Pictures with short captions:
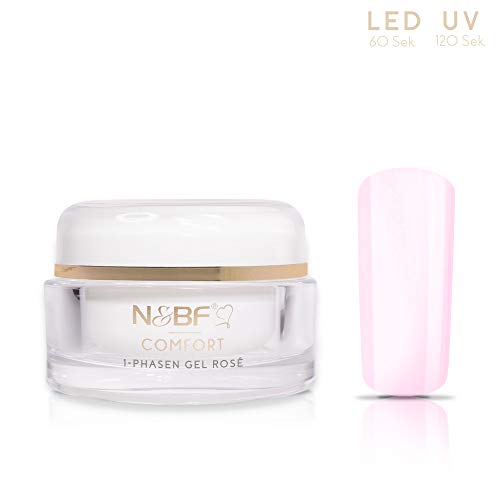 N&BF UV+LED 1-Phasen-Gel Comfort Line Rose | 15ml hochwertiges Profi 3-in1 Gel | Professionelles Allrounder Nagelgel für Grundierung, Aufbau und Versiegelung | Made in Germany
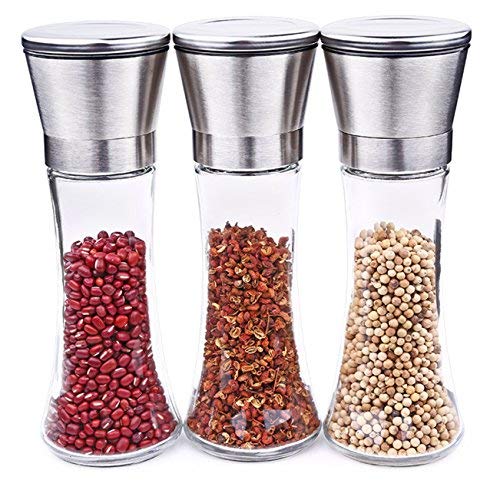 BlueSnail Stainless Steel Manual Grips Glass Salt Pepper Grinder Seasoning Bottle (7.5", Silver)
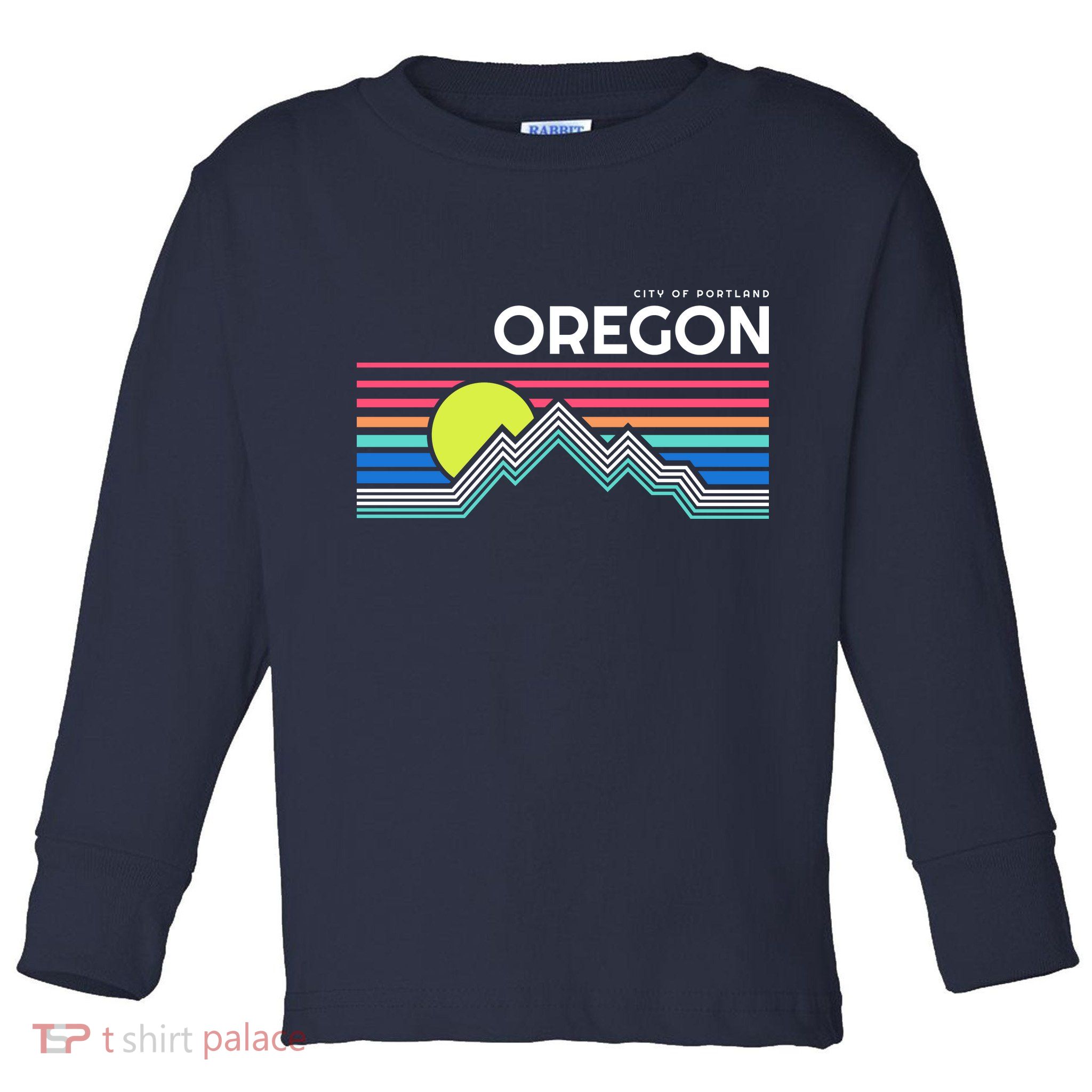 City Of Portland Oregon Retro Sunset Toddler Long Sleeve Shirt
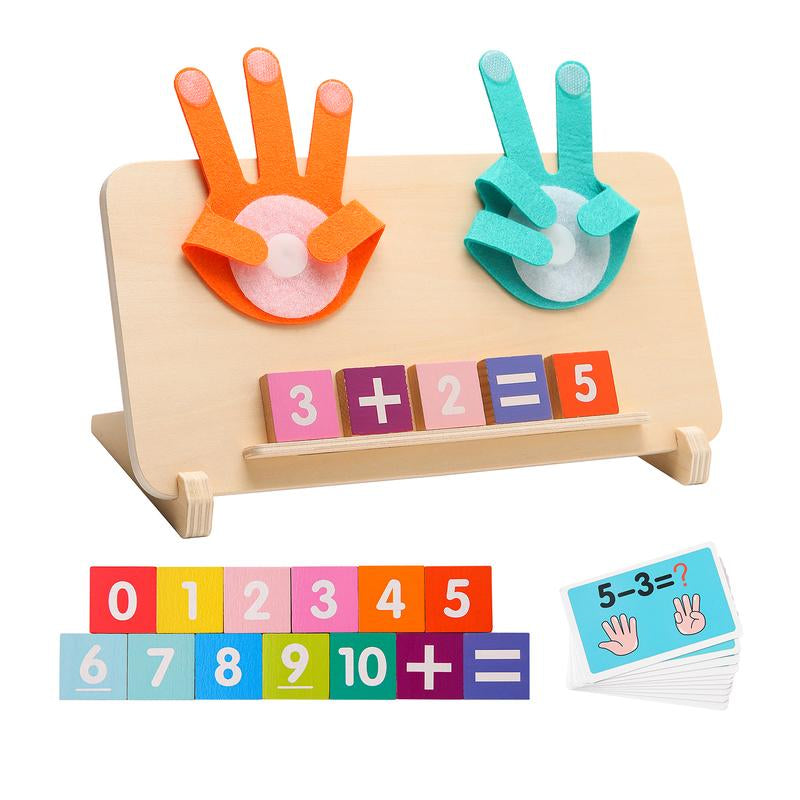 Wooden Math Toys Set for Kids Ages 3-6, Montessori Educational Number Blocks with Cards, Early Learning Addition & Subtraction Games, Fine Motor Skills Activities, Natural Basswood Toys, Birthday & Christmas Gifts for Boys & Girls Cause and Effect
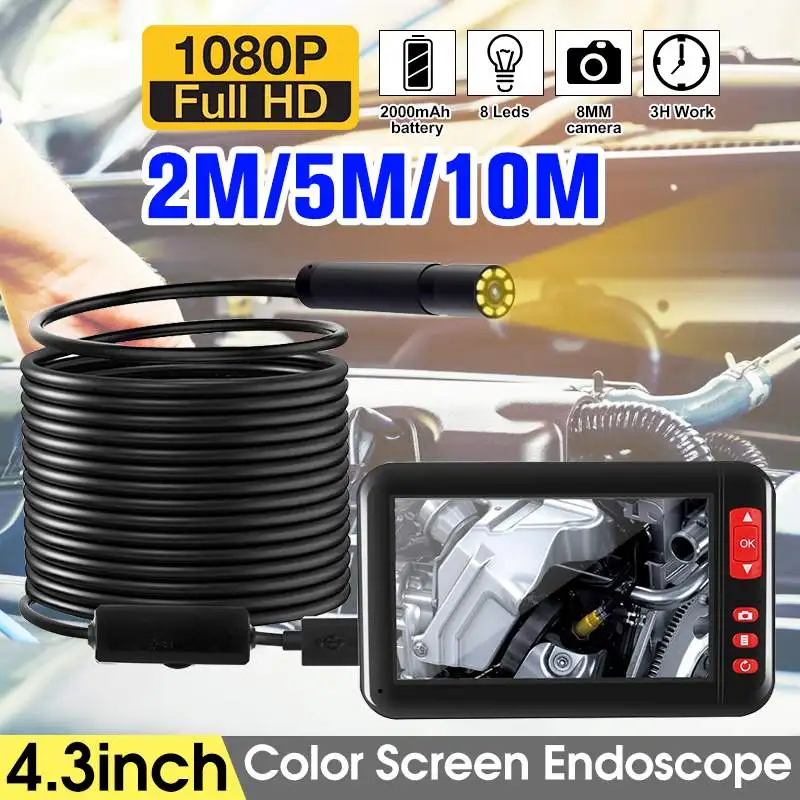 

Digital LCD Borescope Inspection Camera HD 1080P Color Screen Endoscope 8LEDs Support Take Photo/Take Video Repair Tool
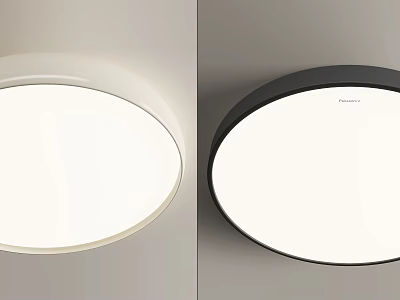 Modern Minimalist Round Flush Mount Ceiling Light with White and Black Frame for Home Interior 3d model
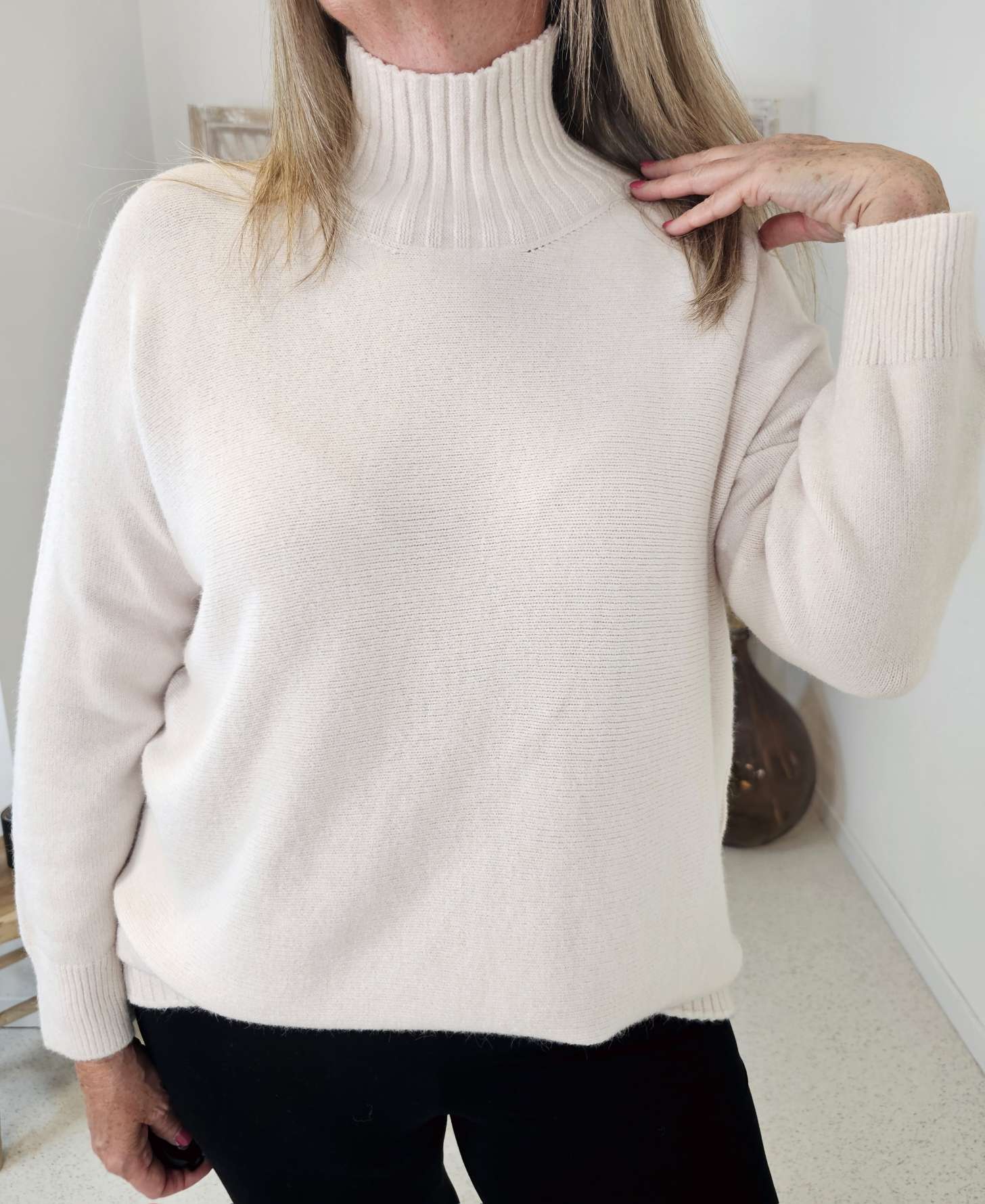 LIGHT KNIT SWEATER ALISON Stehkragen Oversize 34- 42 Made in Italy Pullover LIGHT KNIT SWEATER ALISON Stehkragen Oversize 34- 42 Made in Italy Pullover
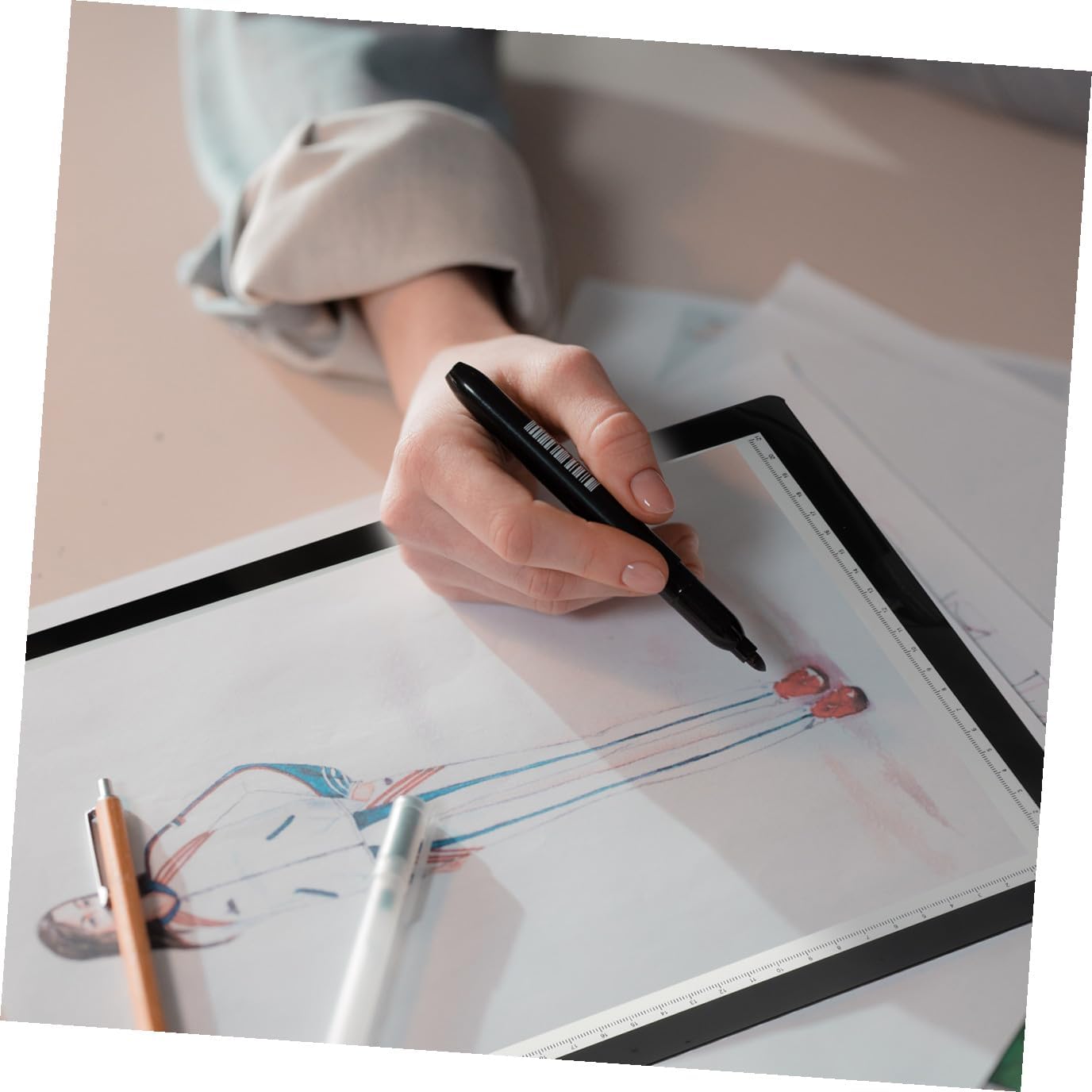 KALLORY A4 USB Rechargeable Magnetic LED Copying Drawing Board for Artists and Animators, Dimmable Sketching Tracing Light Pad with Black Frame, Portable Drawing and Calligraphy Practice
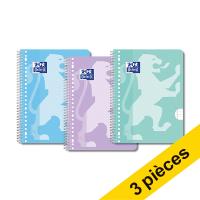 Offre: 3x Oxford School bloc spiralé A4+ ligné 90 g/m² 80 feuilles 23 trous (3 pièces) - pastel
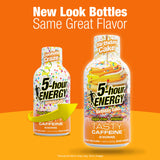 Two 5-hour Energy Birthday Cake caffeine drink bottles on an orange background with the headline 'New Look Bottles Same Great Flavor.'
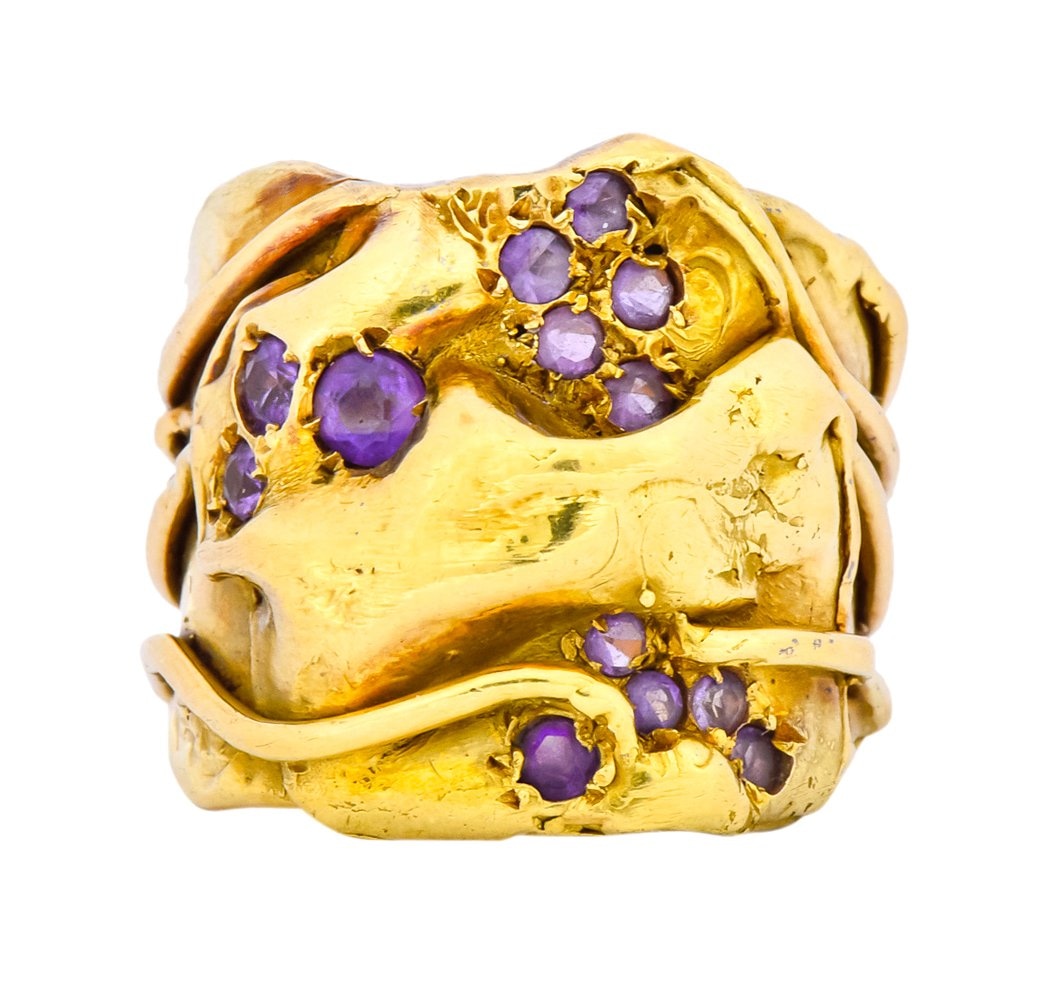 Elizabeth Gage British 1986 Vintage Amethyst 18 Karat Gold Band Ring - Wilson's Estate Jewelry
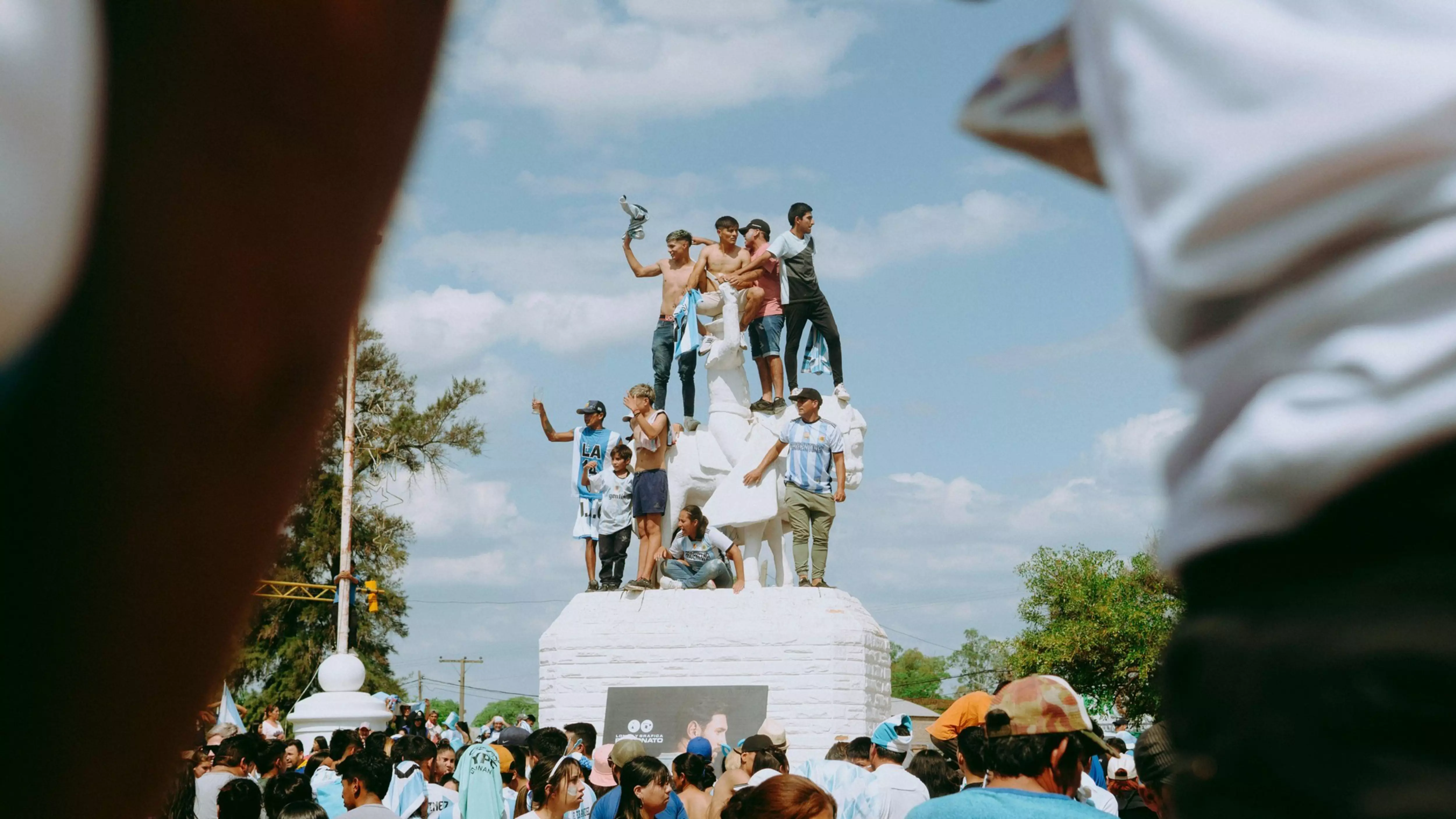 Argentinian fans celebrating during the 2022 FIFA World Cup
Charata, Chaco, Argentina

■ Task goal
An exact copy of the lines from the one with "Offre: 3x Oxford" through the last line of the records, inclusive, is required, with all pictures left out.

■ Task solution
 Offre: 3x Oxford School bloc spiralé A4+ ligné 90 g/m² 80 feuilles 23 trous (3 pièces) - pastel
 Two 5-hour Energy Birthday Cake caffeine drink bottles on an orange background with the headline 'New Look Bottles Same Great Flavor.'
 Elizabeth Gage British 1986 Vintage Amethyst 18 Karat Gold Band Ring - Wilson's Estate Jewelry
 Argentinian fans celebrating during the 2022 FIFA World Cup
Charata, Chaco, Argentina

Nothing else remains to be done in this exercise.